Argued April 27–28, 1938 Decided May 31, 1938
- Full case name: Collins v. Yosemite Park & Curry Co.
- Citations: 304 U.S. 518 (more) 58 S. Ct. 1009; 82 L. Ed. 1502; 1938 U.S. LEXIS 1030

Case history
- Prior: 20 F. Supp. 1009 (N.D. Cal. 1937)

Court membership
- Chief Justice Charles E. Hughes Associate Justices James C. McReynolds · Louis Brandeis Pierce Butler · Harlan F. Stone Owen Roberts · Benjamin N. Cardozo Hugo Black · Stanley F. Reed

Case opinions
- Majority: Reed, joined by Hughes, Brandeis, Butler, Stone, Roberts, Black
- Concurrence: McReynolds
- Cardozo took no part in the consideration or decision of the case.

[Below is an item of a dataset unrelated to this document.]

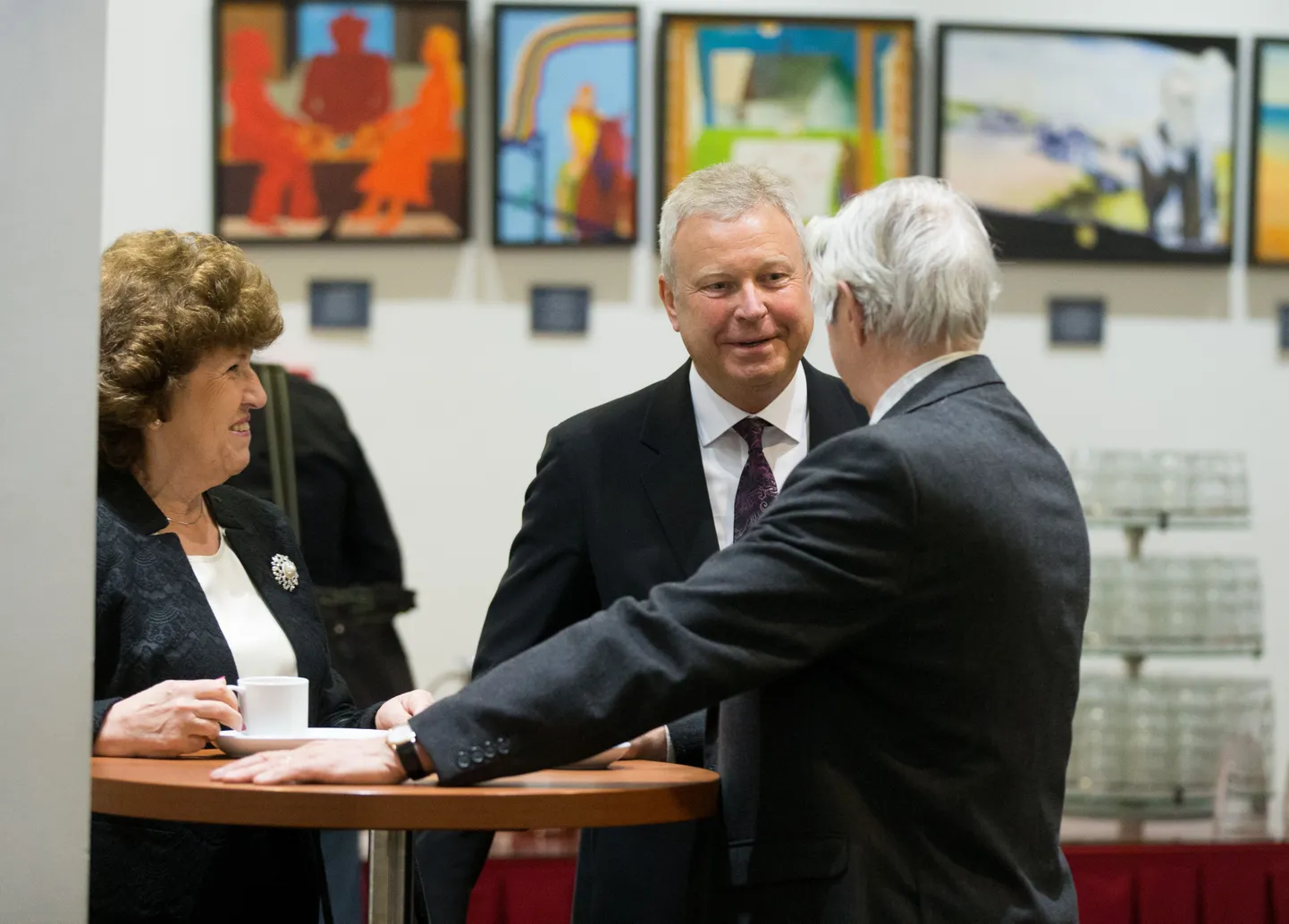Aare Tark (keskel) Postimehe ja advokaadibüroo Tark selleaastasel majanduskonverentsil.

= Collins v. Yosemite Park & Curry Co. =

Collins v. Yosemite Park & Curry Co., 304 U.S. 518 (1938), is a court case in which the appellee, the Yosemite Park and Curry Co., brought this suit to enjoin the California State Board of Equalization and the State Attorney General from enforcing the 'Alcoholic Beverage Control Act' of the State of California, within the limits of Yosemite National Park.

==Supreme Court involvement==
The court distinguished between the State's power under the Twenty-first Amendment to regulate the importation of liquor to the state, and its "territorial jurisdiction" over a federal enclave like the park.

The court held that the sections of a California statute which levied excises on sales of liquor in Yosemite National Park were enforceable in the Park, while sections of the same statute providing regulation of the Park liquor traffic through licenses were unenforceable.